Das Mittel aber, Gott in uns leben zu lassen, ist: alles für ihn und in ihm mithilfe der Guten Meinung zu verrichten. Jeder Oblate befleißige sich darum, wie es im Artikel unseres Direktoriums heißt, in Gott und in der Gemeinschaft mit ihm zu leben und zwar gleich vom Beginn all seiner Handlungen an. Dann wird er in Lebensgemeinschaft mit Gott stehen.

Diese Gute Meinung, die keine spezielle Formel verlangt, besteht vornehmlich darin, sich mit Gott zu vereinigen, damit er zu uns komme, und sich würdige, gleichsam an unserer Stelle zu arbeiten. Wir bitten Gott dabei, dass er uns helfen möge, oder besser gesagt: Er möge in uns wie in seinem Eigentum handeln. Dabei opfern wir ihm alles auf, das Angenehme wie das Unangenehme, da er künftig der Herr und Meister in uns ist.

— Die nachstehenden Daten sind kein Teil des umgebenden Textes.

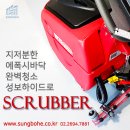 성보ENG 이미지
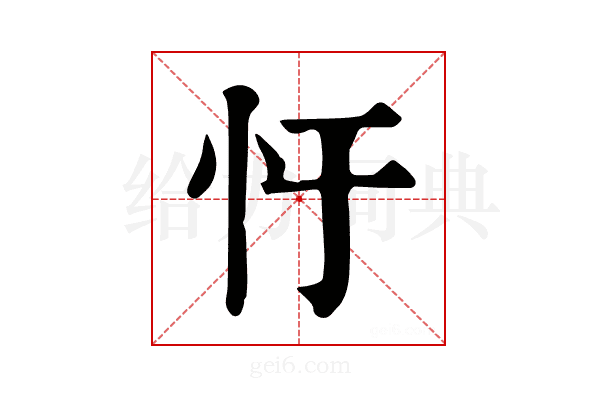 𢖳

Scheuen wir uns darum nicht, Gott auf diese Weise alles zu übergeben, so unbedeutend es sich ausnehmen mag. Welch ein Glück liegt doch darin, Gott in sich zum Leben zu erwecken! Unser Vater (P. Brisson, d. Red.), billigt es, seine Gute Meinung in folgender Weise zu erwecken: „Alles für Gott, alles mit Gott, alles in Gott, o mein Herr Jesus Christus!“ Oder: „Mögest Du, Herr Jesus Christus, in mir und in allen meinen Werken leben! Ja, lebe in mir, nimm alles in mir in Beschlag und handle an meiner Stelle!“ Auch jede andere Weise ist gut, wenn sie uns nur ganz in Gott versenkt… In der Kulp sollte man sich anklagen, wenn man vergessen hat, die Gute Meinung zu erwecken. Diese Art und Weise bildet unseren Lebensgrund in Gott. Das wirft uns ohne Unterbrechung in Gott hinein und lässt uns in Jesus wohnen. Darum sollen alle Oblaten so vorgehen. Dann wird unser Herr der Herr unserer ganzen Kongregation sein. Er selbst wird alles tun, weil alles für ihn und in ihm geschieht.